At ease on the park bench Logo to be hidden on donated seat

It might have been all right if the slogan on the bench had been a little more subtle. Perhaps something like, "Mayor W. Benjamin Brown and the supermarket shoppers of Westminster."

Or, "Westminster: The City That Eats."


But subtle it wasn't. The back panel of the park bench that a local supermarket offered to donate to the city clearly said, "Martin's Food."

That created a quandary. The parks board didn't want to seem ungrateful for a free bench valued at $300 and a $200 check for trees. And the bench is an example of recycling. It is made of wood mixed with plastic grocery bags.

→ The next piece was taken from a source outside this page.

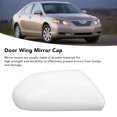 thumbnail image 4 of White Side Mirror Cover , KIMISS ABS Door Mirror Cover  Rearview Outer Door Wing Mirror Cover  Rear View Mirror Housing Replacement For 2018 To 2021, 4 of 8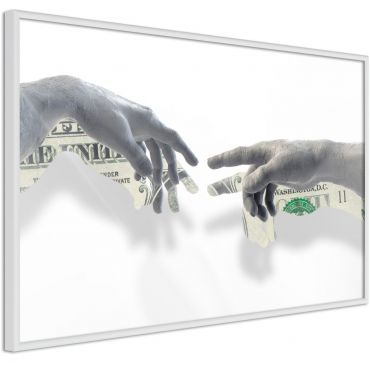 Плакат - Докосване на парите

But a corporate name on city equipment seemed, well, just a bit too commercial.

It could start a trend, reasoned Council President Kenneth A. Yowan, who was council liaison to the parks board at the time the board considered Martin's offer. Today a Martin's bench, tomorrow a Super Fresh bench, next week a Giant bench.

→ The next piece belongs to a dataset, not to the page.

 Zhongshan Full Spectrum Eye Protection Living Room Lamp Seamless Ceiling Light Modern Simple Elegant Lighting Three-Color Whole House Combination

But the board members still wanted the bench and the check. So, a compromise proposal emerged: How about switching the back panel and the seat, turning "Martin's Food" upside down so it would be visible only to ants glancing up as they ran through the grass or to children who crawled under the bench?

The change would be made only after Mayor Brown and Martin's manager Joseph W. Reed posed for a photo behind the bench.

"We left it [the Martin's identification] on for a while, so once it hit the paper people could see [the bench]," said Carol Donovan, city recreation director. "After there's some publicity about it, we'll turn [the name] over."

That's OK with Mr. Reed.

"We don't have a problem with that. We didn't donate them as an advertisement," he said. He said the benches bore Martin's name because the company ordered some for its stores.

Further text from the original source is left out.